§ DIRECTIONS
From the line containing "7160 Raleigh St, Hollywood FL 33024" through the last line of the entries below, print each line exactly. Pictures stay out.

§ SUPPLIED INFORMATION

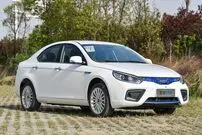 iEVA۵۰؛ نسخه الکتریکی JAC J۵ در بازار ایران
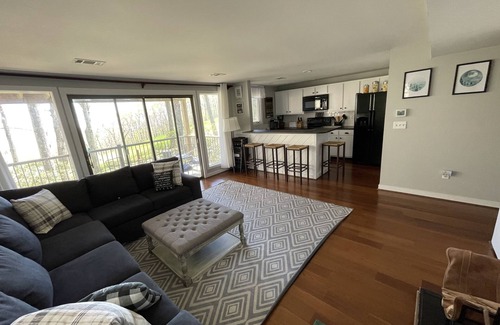 Wintergreen Condominio | Eagles Court Ski In/Ski Out Condo with Walkable Location & Mountain Views!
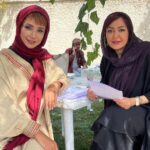 Shabnam Gholikhani Instagram – به بهانه پخش سریال سایه باز به کارگردانی علی یاور که قرار است به زودی شاهد آن باشیم ،عکسهایی را از آن روزها با شما به اشتراک میگذارم.
#مهدی_هاشمی #همایون_ارشادی #شقایق_فراهانی #سام_قریبیان #شاهد_احمدلو #شبنم_قلی_خانی 
پ ن: زمان پخش دقیق سریال به زودی اعلام خواهد شد📽️📺

#فیلم #سریال #شبکه_خانگی #film #series #cinema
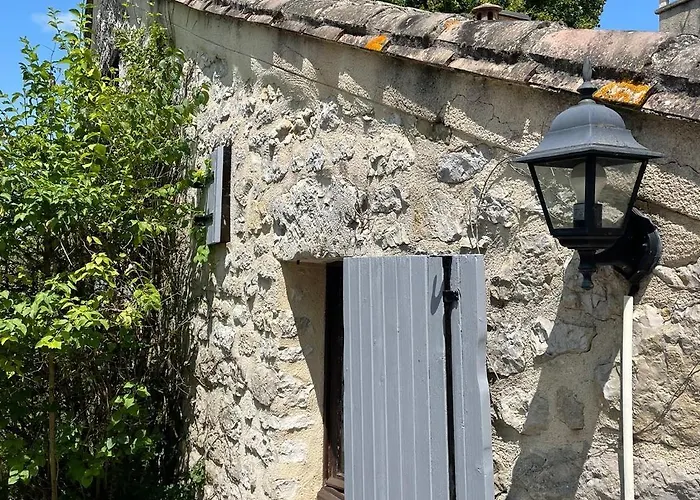 Des Cyprès Hébergement de vacances Constans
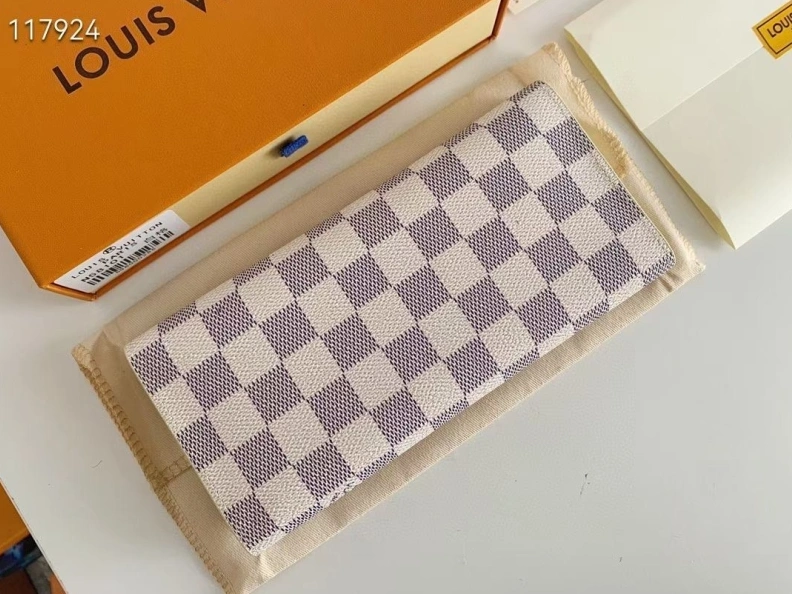 Fashionable LX Wallets 9868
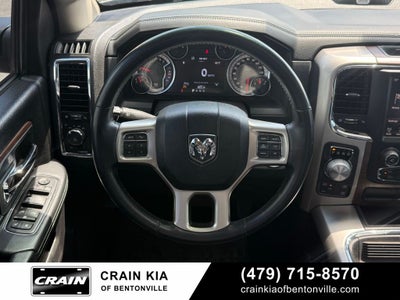2015 RAM 1500 Laramie - 4WD / SUNROOF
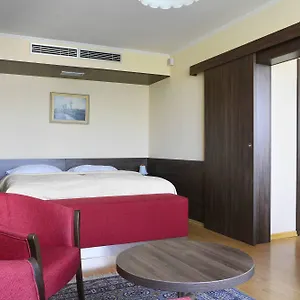 κάντε κράτηση εδώ
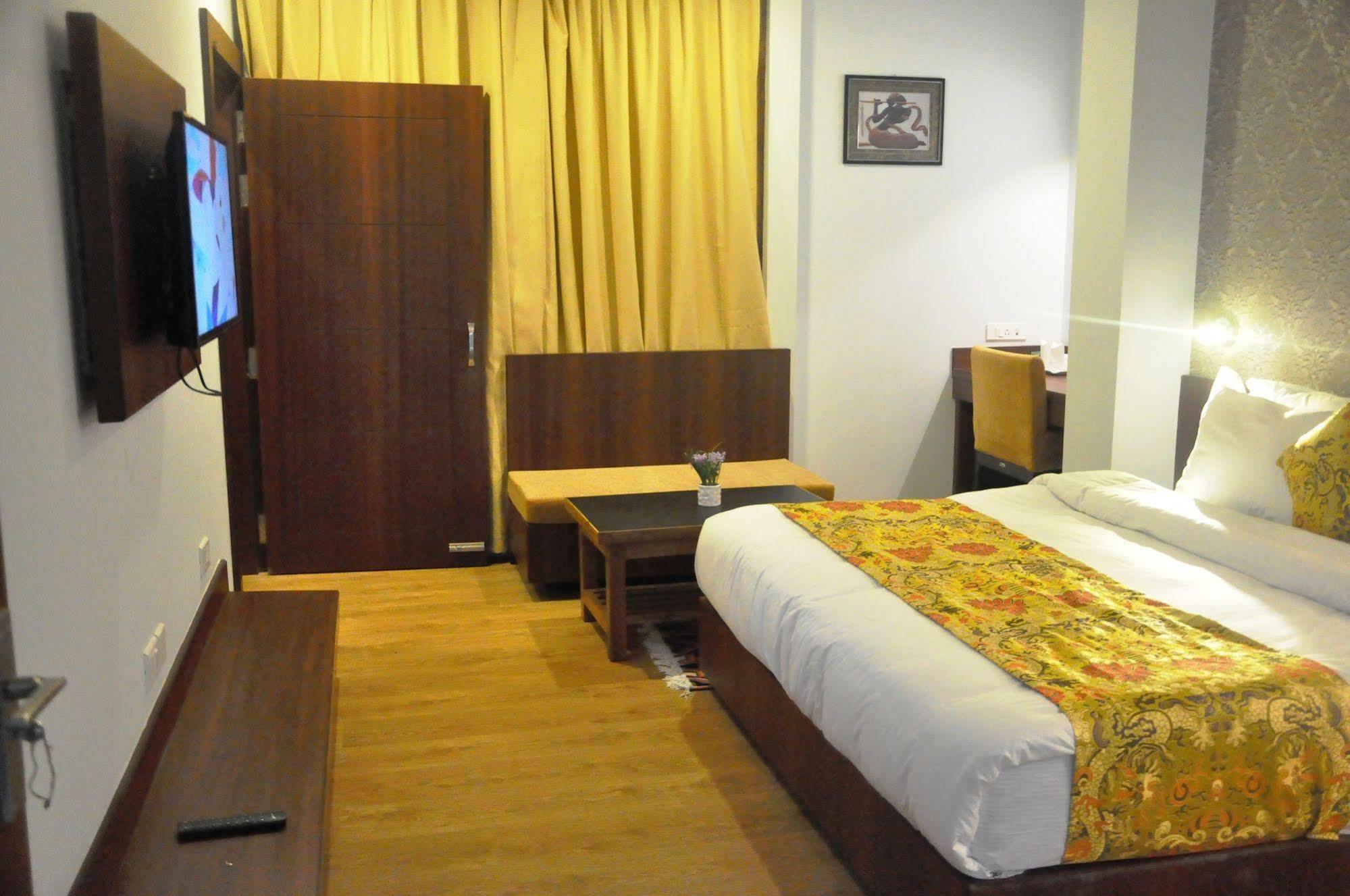 The Golden Crest Hotel Gangtok Buitenkant foto
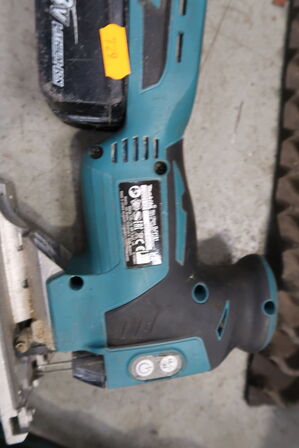 2 stk. akku håndværktøj MAKITA DJV181, DGA506 med 2 stk. batterier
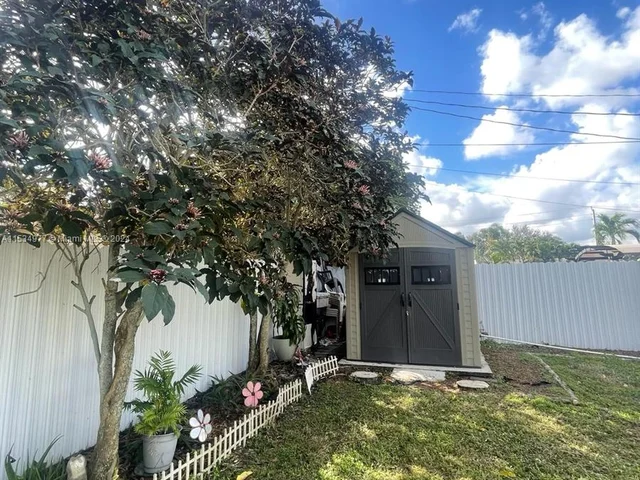 7160 Raleigh St, Hollywood FL 33024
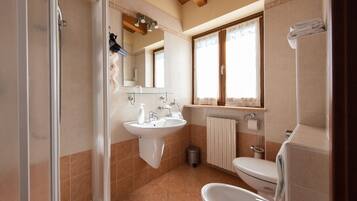 Traditional-Doppelzimmer | Badezimmer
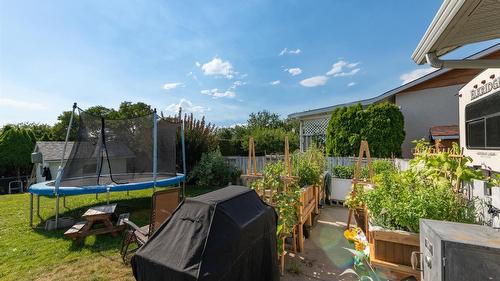 430 Perth Road, Kelowna, BC - Outdoor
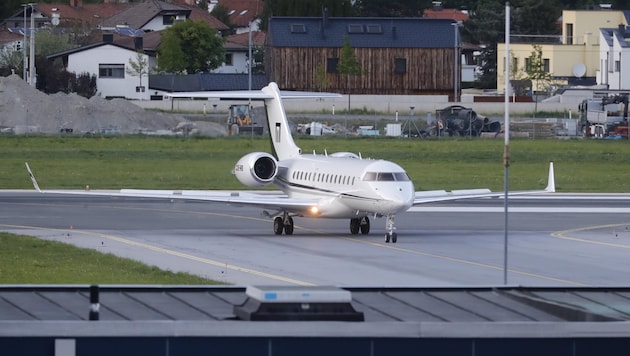 A Benko jet at Innsbruck Airport: the plane is parked in an ex-AUA hangar. (Bild: Birbaumer Christof)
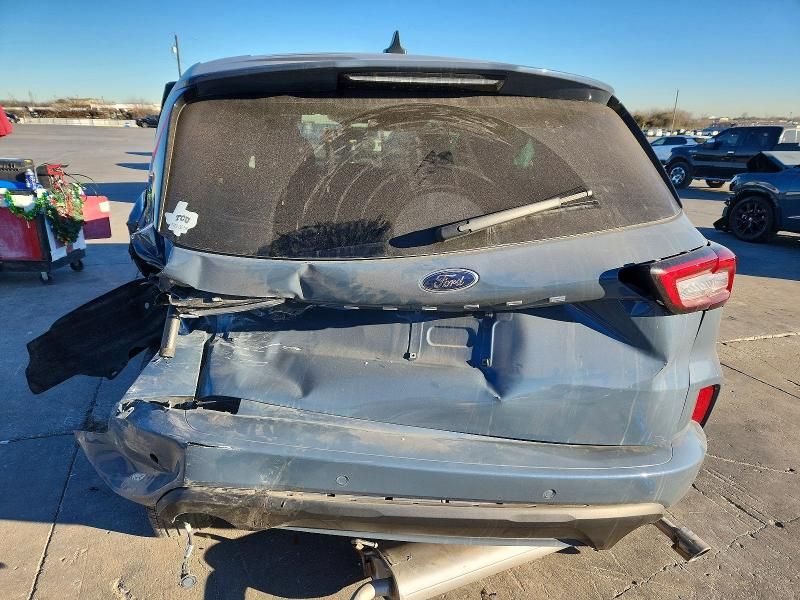 2023 Ford Escape st Line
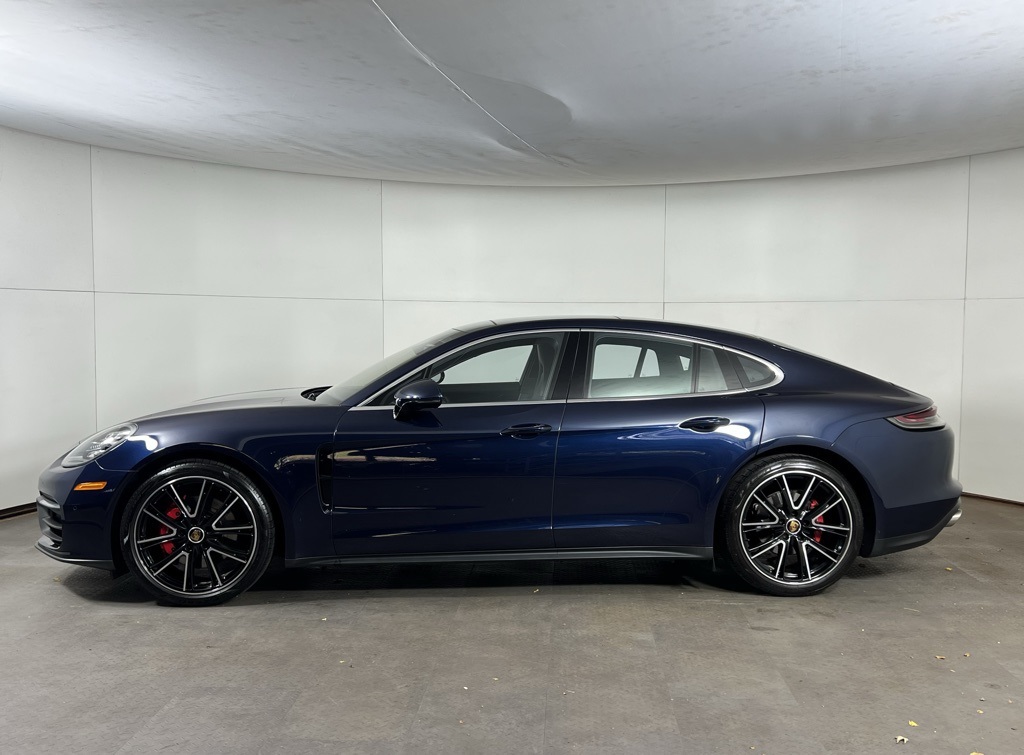 2022 Porsche Panamera 4S photo 2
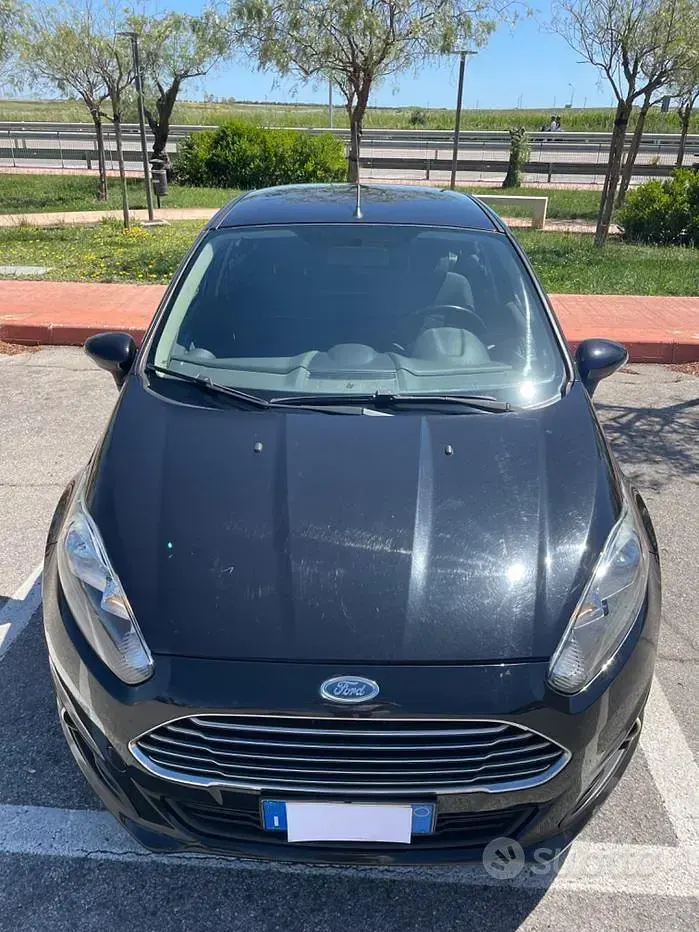 Usata Ford Fiesta Titanium 75 CV (55 kW) 2015 Nero Utilitaria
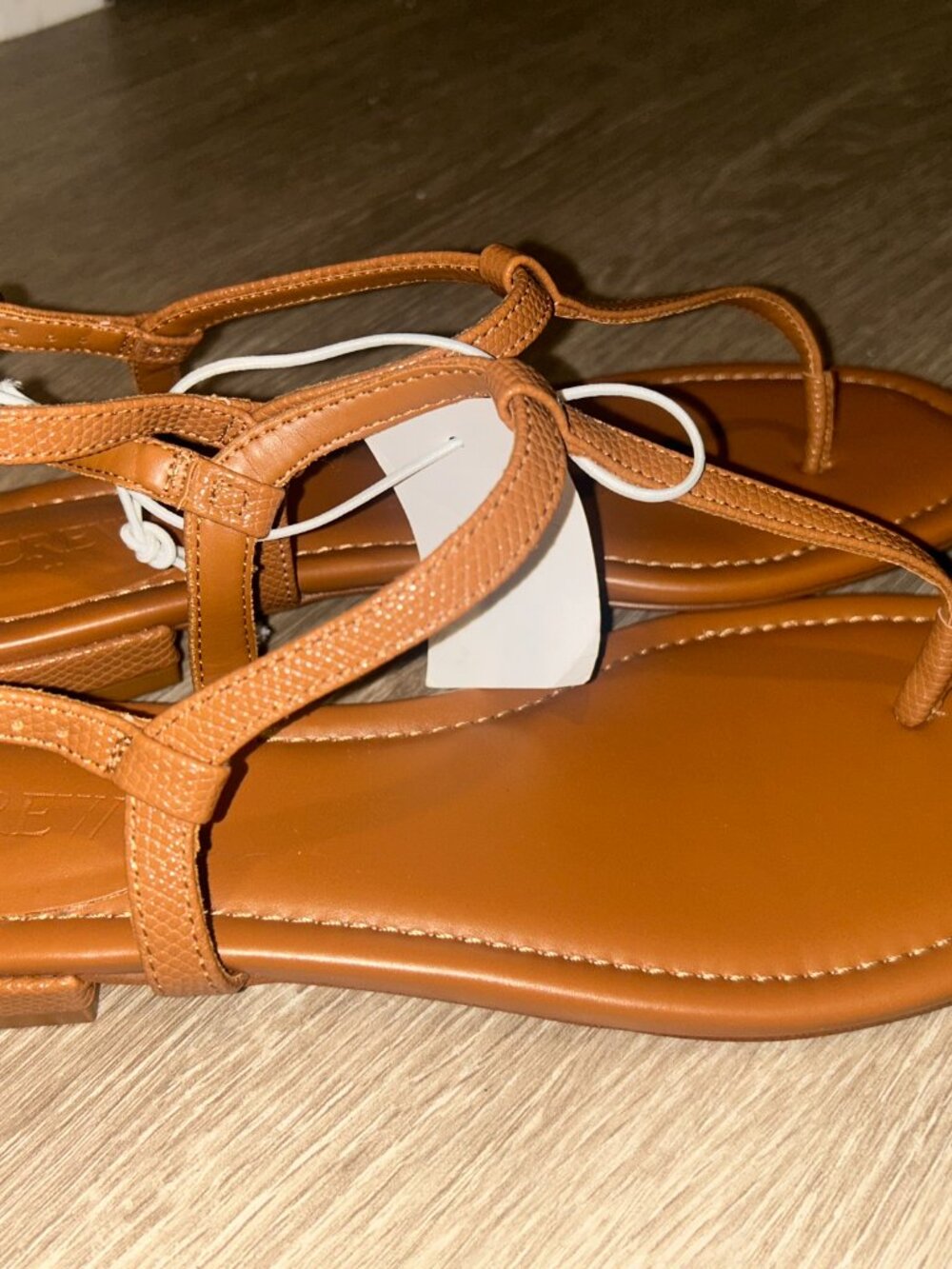 NWT J. Crew Tan Leather T-Strap Sandals - Picture 4 of 5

§ ANSWER TO THIS PROBLEM
 7160 Raleigh St, Hollywood FL 33024
 Traditional-Doppelzimmer | Badezimmer
 430 Perth Road, Kelowna, BC - Outdoor
 A Benko jet at Innsbruck Airport: the plane is parked in an ex-AUA hangar. (Bild: Birbaumer Christof)
 2023 Ford Escape st Line
 2022 Porsche Panamera 4S photo 2
 Usata Ford Fiesta Titanium 75 CV (55 kW) 2015 Nero Utilitaria
 NWT J. Crew Tan Leather T-Strap Sandals - Picture 4 of 5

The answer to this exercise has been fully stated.